Les images de presse font leur apparition sous forme de gravures dans les premiers périodiques britanniques illustrés (Penny Magazine) aux alentours de 1830, avant que ne se dessine en Europe, entre 1880 et 1910, le « triomphe de l’illustration sur papier » (L. Gervereau, Images, une histoire mondiale, p. 135), marquant l’émergence complexe d’une culture de masse. Dans les années 1890, période d’intense industrialisation des médias, la France et l’Allemagne, en particulier, voient la parution des premiers magazines pionniers du photojournalisme (Berliner illustrirte Zeitung, 1892 ; La vie au grand air, La vie illustrée, 1898) qui s’accompagnent d’une première globalisation des techniques photographiques ainsi que d’échanges importants entre agences de presse des deux côtés du Rhin (Th. Gervais, La fabrique de l’information visuelle). De ce fait, ces deux pays sont la « première localisation de cette modernité éditoriale » (J.-P. Bacot, « La naissance du photojournalisme », Réseaux, p. 12).

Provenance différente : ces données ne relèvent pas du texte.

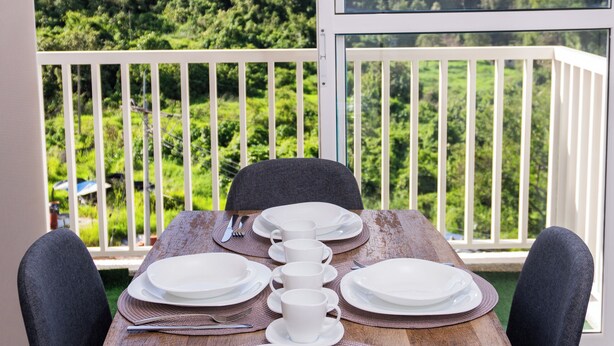 Mesa de jantar posta para quatro, com pratos brancos, talheres e uma xícara, com vista para uma paisagem verde exuberante e um guarda-corpo de varanda branco.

Comprises comme un objet d’étude doté de spécificités propres, les images de presse, appréhendées au sein d’une « histoire-réseaux » (C. Delporte, Images et Politique, p. 11) regroupent une variété de supports qui ornent et illustrent la presse quotidienne, locale ou nationale, puis agencent, structurent et ordonnent la presse dite « illustrée » (presse satirique, surtout magazines) : du dessin politique à la photographie, en passant par les reproductions de tableaux, les caricatures, les photomontages, les images de « une » et les publicités illustrées. Ces images de presse constituent de fait une source très intéressante pour de nombreux domaines des sciences sociales, particulièrement à une époque où les problématiques du rôle des médias en général et de l’influence du visuel sur les opinions publiques sont omniprésentes. Reproduites dans des journaux et magazines aux tirages de plus en plus importants au cours du XXe siècle, elles sont une source de choix pour :
- les historiens du visuel – en particulier du photojournalisme et de l’image satirique (J.-C. Gardes / A. Schober (dir.), Ridiculosa. Numéro spécial. La presse satirique dans le monde, EIRIS 2013) – qui se penchent sur l’influence des images sur les sociétés, ainsi que sur la manière dont les sociétés s’approprient et (ré)utilisent les images reçues en héritage ;
- les historiens du politique pour lesquels les images de presse peuvent servir d’outil pour évaluer et appréhender les mutations des sociétés contemporaines ;
- les sémiologues et les spécialistes de communication et d’analyse du discours, replaçant les images de presse au sein de « formations discursives » créées par le journalisme, envisagé tant comme « l’un des discours producteurs de savoir dans la société » que comme une « activité discursive menée par divers groupes d’acteurs » (D. Augey, F. Demers, J.-F. Tétu, Figures du journalisme, p. 12)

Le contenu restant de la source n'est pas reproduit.